- _Records for processing_:
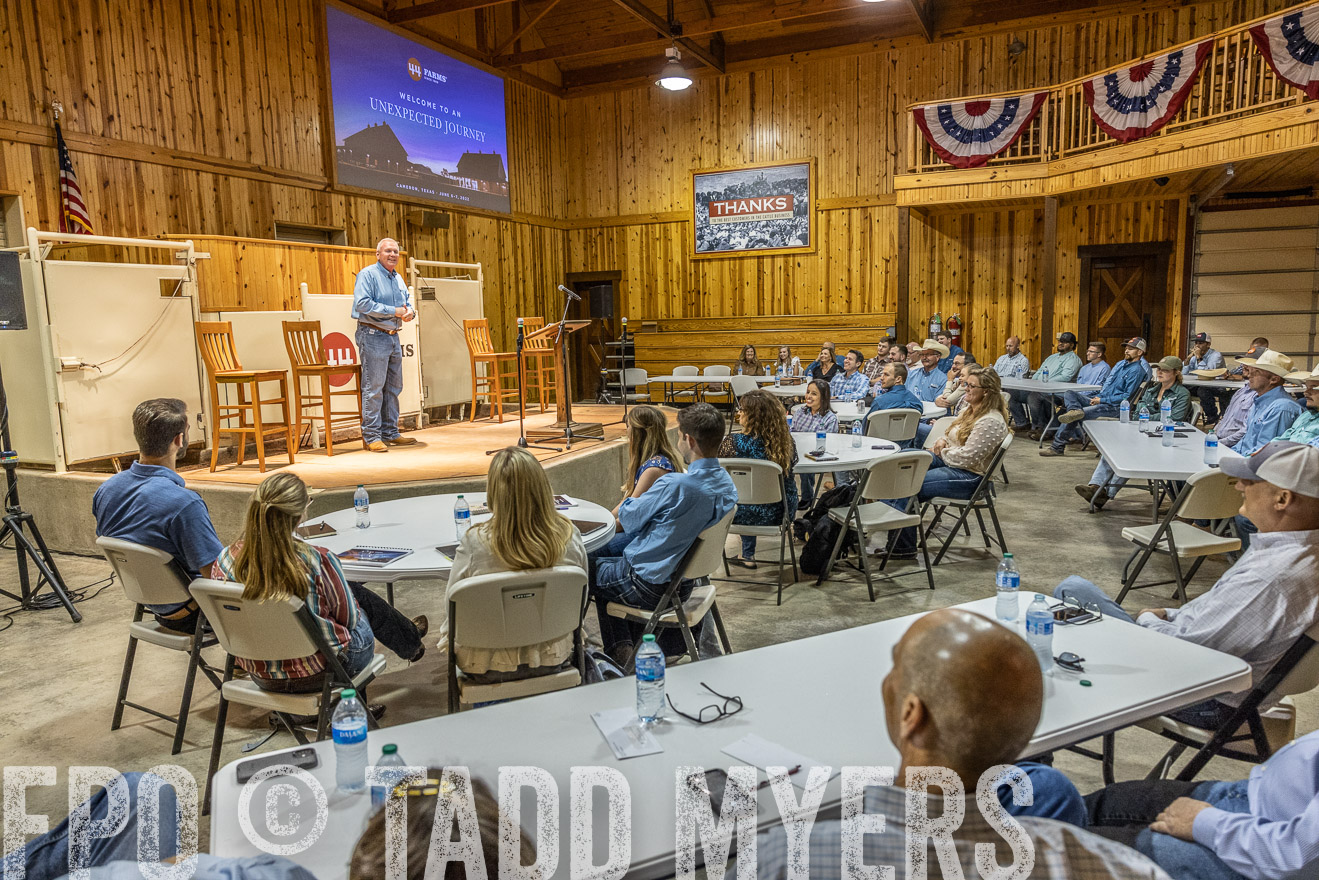 TMyers_AnnualBusMeeting_Cameron_June2022-520491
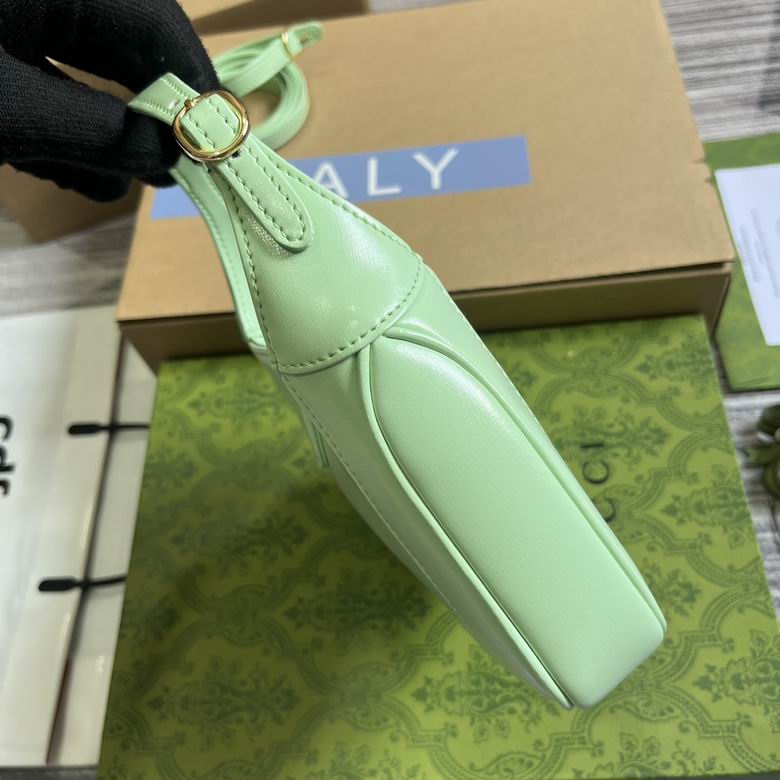 637091 19X13X3cm MP-1 (3)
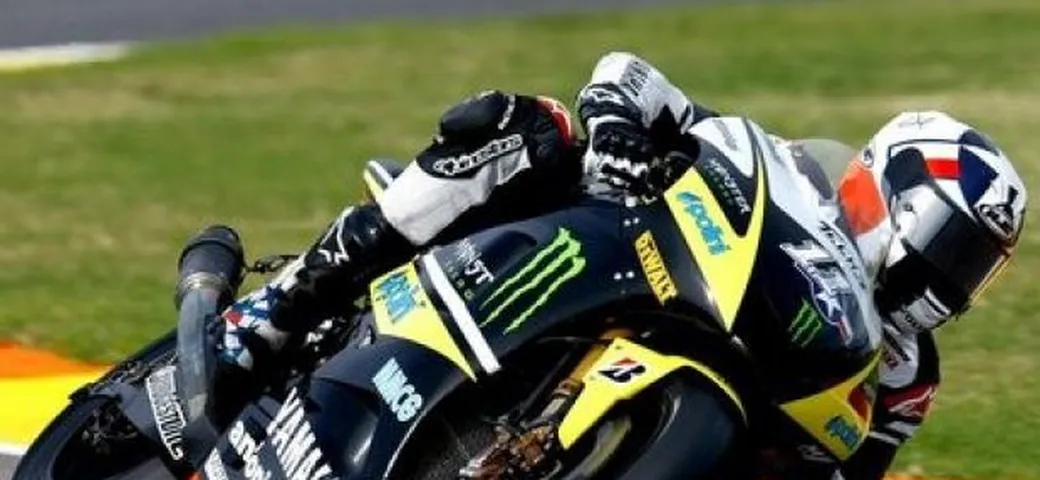 MotoGP: fai le tue domande ai Rookies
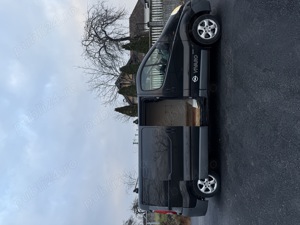 Opel Vivaro 2012 - imagine 6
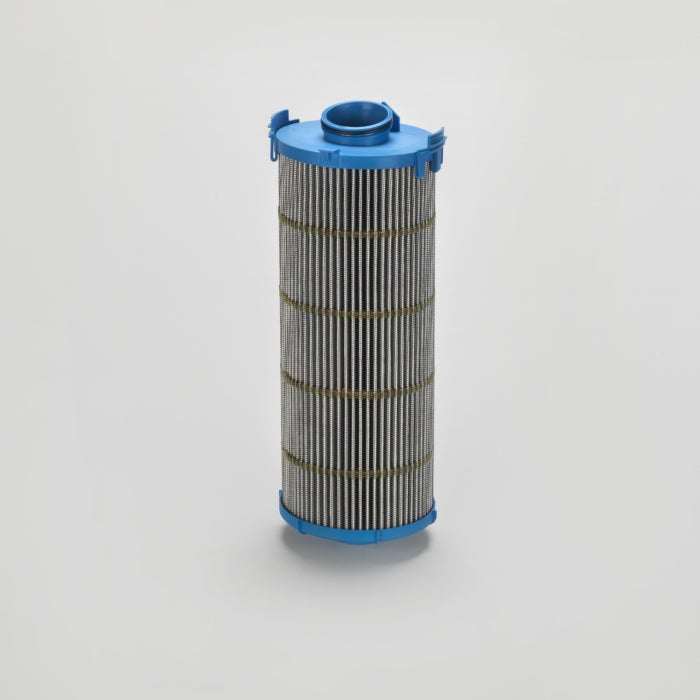 Hydraulic Filter Cartridge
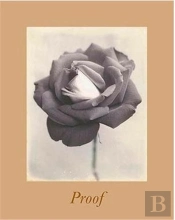 Ron Van Dongen Proof /Anglais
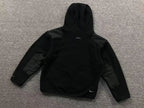 Blusa moletom Supreme x Nike ACG Fleece Pullover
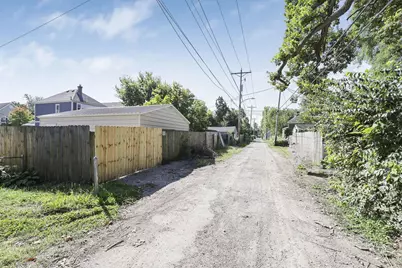 309 Midland Avenue, Columbus, OH 43223 - Photo 96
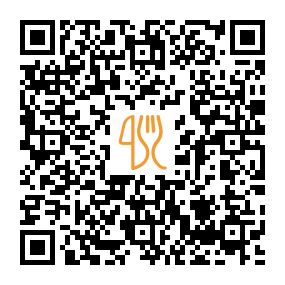 QR-code link para o menu de Bìng Mù Shāng Shì グランデ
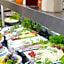 Lioncity Hotel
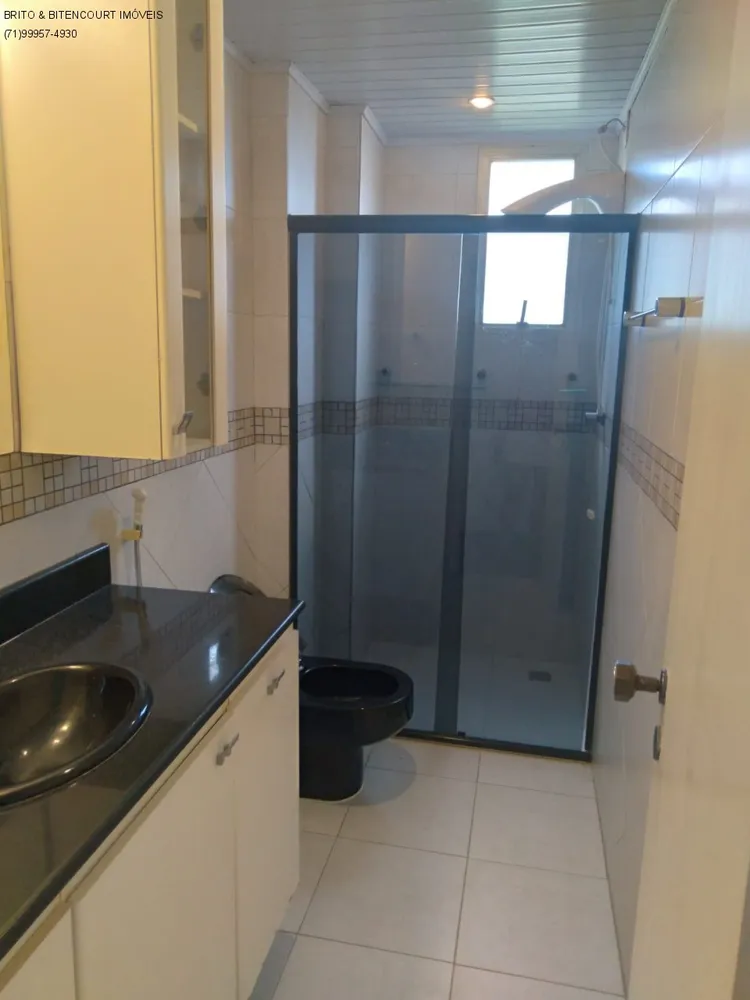 Apartamento, 3 quartos, 104 m² - Foto 6
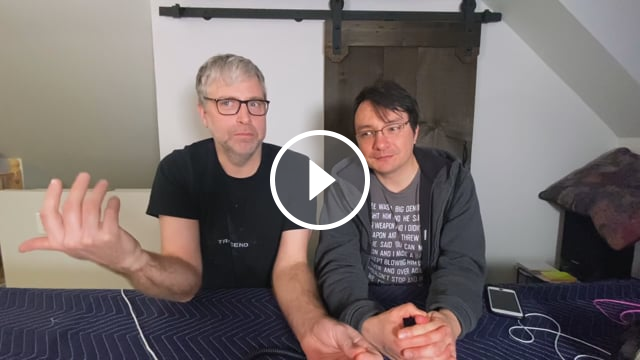 Video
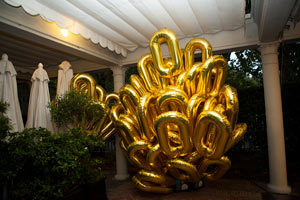 helio-globos-numeros-dorados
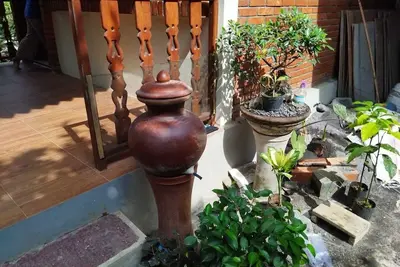 Image de Borobudur Kampung Homestay - Matori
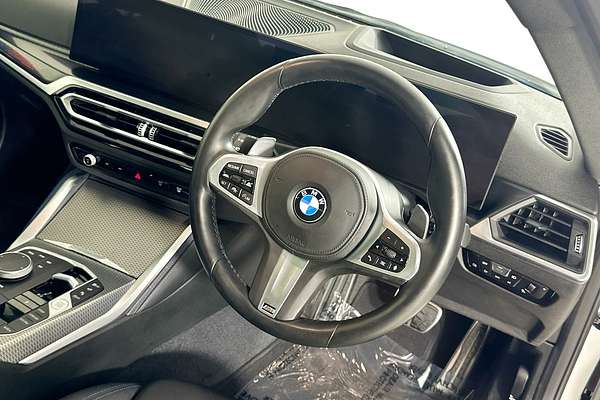 2022 BMW 2 M240i xDRIVE G42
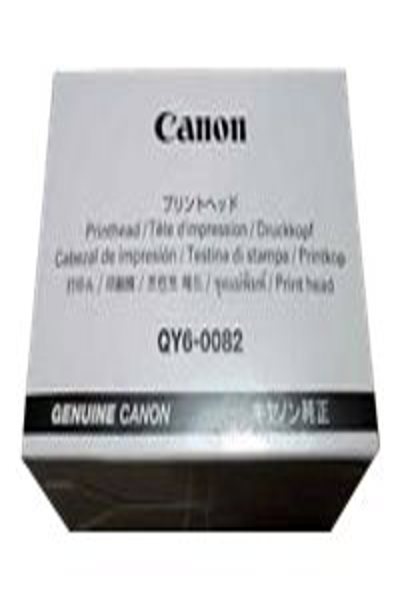 QY6-0082-000 - QY6-0082-000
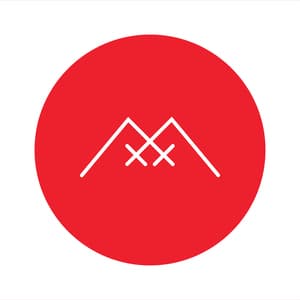 Plays The Music Of Twin Peaks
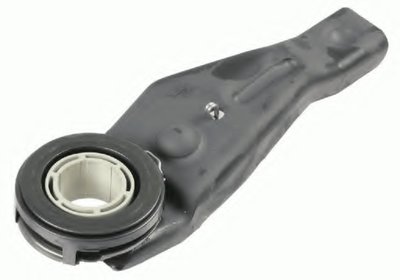 3189000020 SACHS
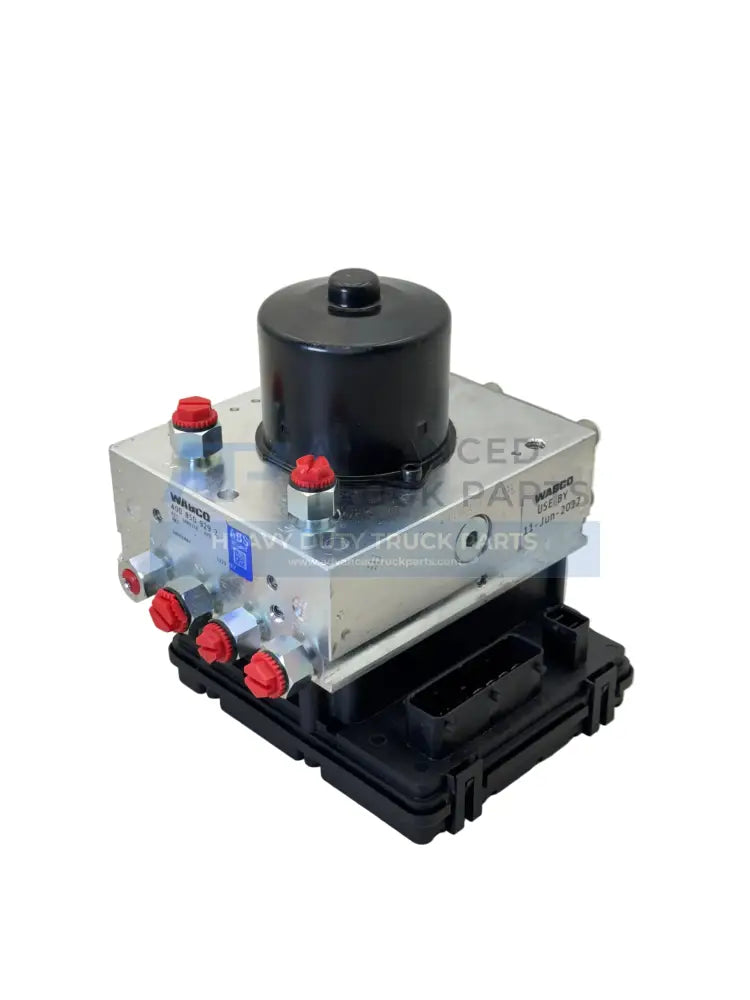 Wab4008509292 Genuine Meritor Wabco Hydraulic Abs Modulator Kit - ABS Modulators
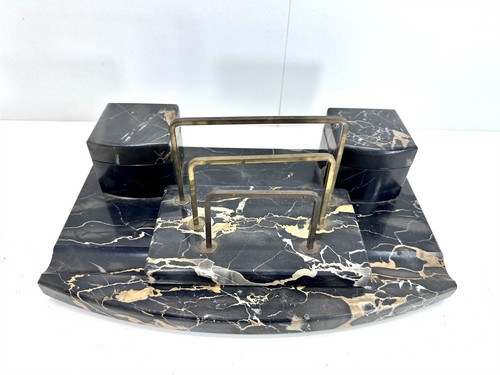 Antik marmor - antik,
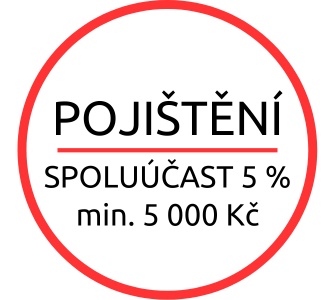 MT-07 Y-AMT (automat)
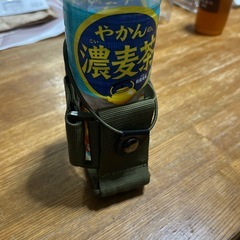 タクティカルの画像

- _What to produce_: Once you find the line that contains "Hydraulic Filter Cartridge", reproduce it and every line after it through the end of the entries above, exactly as written, with no pictures.

- _Solution to this problem_:
 Hydraulic Filter Cartridge
 Ron Van Dongen Proof /Anglais
 Blusa moletom Supreme x Nike ACG Fleece Pullover
 309 Midland Avenue, Columbus, OH 43223 - Photo 96
 QR-code link para o menu de Bìng Mù Shāng Shì グランデ
 Lioncity Hotel
 Apartamento, 3 quartos, 104 m² - Foto 6
 Video
 helio-globos-numeros-dorados
 Image de Borobudur Kampung Homestay - Matori
 2022 BMW 2 M240i xDRIVE G42
 QY6-0082-000 - QY6-0082-000
 Plays The Music Of Twin Peaks
 3189000020 SACHS
 Wab4008509292 Genuine Meritor Wabco Hydraulic Abs Modulator Kit - ABS Modulators
 Antik marmor - antik,
 MT-07 Y-AMT (automat)
 タクティカルの画像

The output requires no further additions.